Investment planning is related to retirement planning, but it can include different aspects of managing tax liability. For instance, say that you’re investing through a taxable brokerage account, which is subject to capital gains tax. Your financial advisor can offer different strategies for managing tax liability, which may include:

  • Holding investments longer than one year to take advantage of the more favorable long-term capital gains tax rate.
  • Choosing tax-efficient investments, such as exchange-traded funds (ETFs), which can trigger fewer turnover events than traditional mutual funds.
  • Harvesting tax losses to offset some or all of your capital gains for the year.

Your advisor may also be able to guide you on how to deduct expenses related to investment properties if you own one or more rental homes. They could also help with executing a 1031 exchange if you’re interested in swapping out one property for another to minimize capital gains tax.

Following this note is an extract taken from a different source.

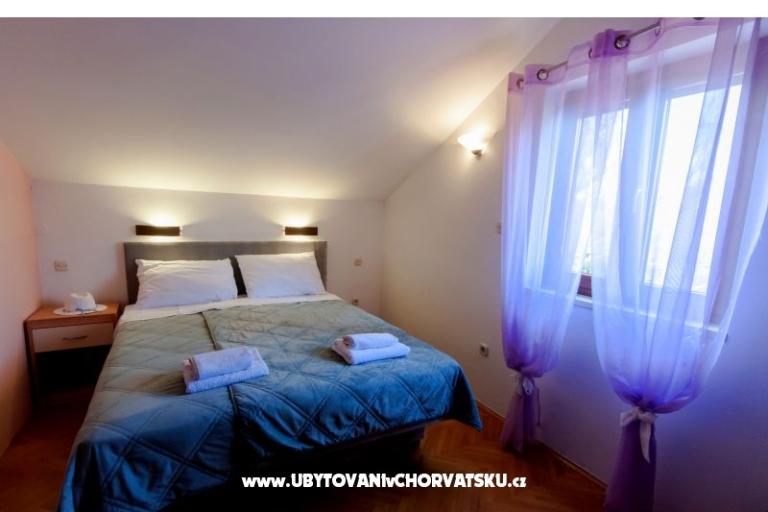 Apartmani Barovic Srebreno – foto 15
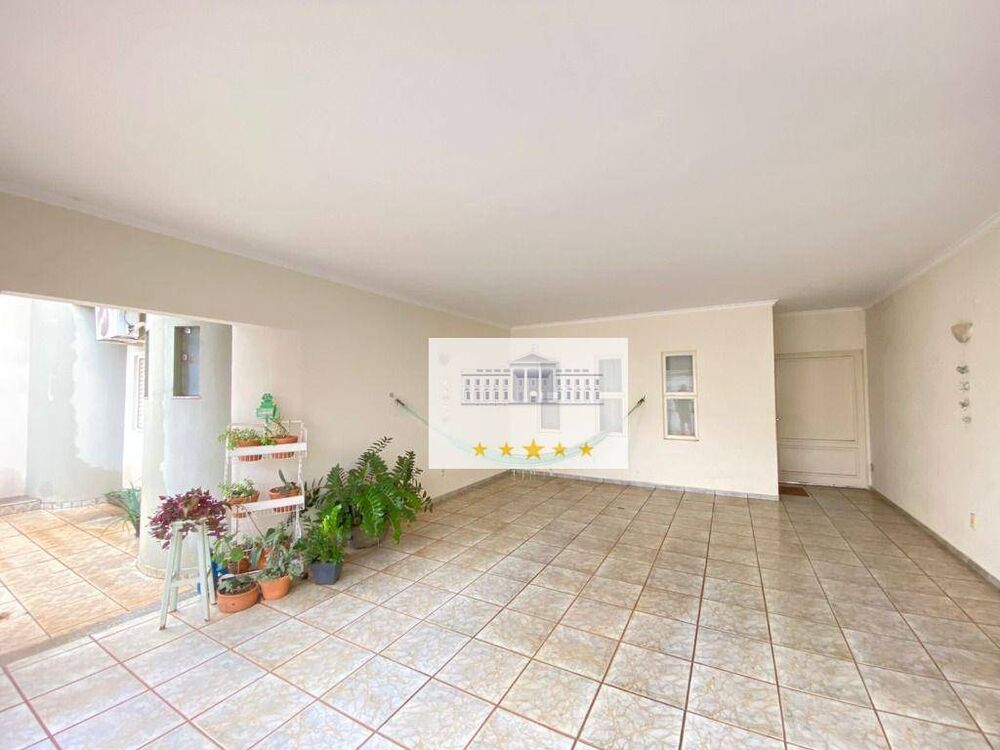 Casa, 3 quartos, 153 m² - Foto 1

Tax Deductions and Credits

Tax deductions reduce your taxable income, which can help to push you into a lower tax bracket for the year. There are numerous expenses you might be able to deduct, including:

  • Mortgage interest
  • State and local taxes
  • Charitable donations
  • Business expenses
  • Self-employment expenses
  • Medical expenses
  • Student loan interest

Tax credits, meanwhile, reduce what you owe in taxes on a dollar-for-dollar basis. For instance, if you owe $1,000 in taxes and qualify for a $1,000 tax credit, the credit can wipe out what you owe. Some credits are refundable which can increase the size of your tax refund for the year. A financial advisor can walk you through the various deductions and credits you might be eligible to take in order to reduce your tax liability.

Withdrawal Planning

As you approach retirement, it’s important to consider how you’ll withdraw the money that you’ve saved. Your advisor can discuss different strategies for withdrawing money from a 401(k), IRA or taxable brokerage account so that you’re not overpaying taxes or draining your retirement reserves too quickly.

Your advisor may also discuss ways to tax-friendly ways to create supplemental income in retirement, such as purchasing an annuity or taking out a reverse mortgage.  An advisor can also help you figure out when to take Social Security benefits to maximize your payment amount and how to coordinate those benefits with other sources of income in retirement.

The Bottom Line

What Happens To Your Tax Liability With Proper Financial Planning?

Knowing what happens to your tax liability with proper financial planning is important for creating a long-term strategy for growing wealth. Handing over more money than you need to in taxes doesn’t offer any tangible benefit and it can be problematic if it leaves you with less money to save and invest. Having a trusted financial advisor to work with can ensure that you’re meeting your tax obligations without shortchanging your goals.

Financial Planning Tips

  • Tax planning can seem complicated if you’re not well-versed in the Internal Revenue Code. Finding a financial advisor doesn’t have to be hard. SmartAsset’s free tool matches you with up to three vetted financial advisors who serve your area, and you can have a free introductory call with your advisor matches to decide which one you feel is right for you. If you’re ready to find an advisor who can help you achieve your financial goals, get started now.
  • Robo advisors can offer a more affordable way to manage financial planning, as the fees may be lower than what traditional advisors charge. However, it’s important to know what you’re getting for the money. For example, some robo-advisors offer tax loss harvesting but not all of them do. Additionally, robo-advisors aren’t really equipped to offer one on one advice about tax planning or investing. Those are good reasons to consider working with a human advisor instead, even if it means paying a slightly higher fee.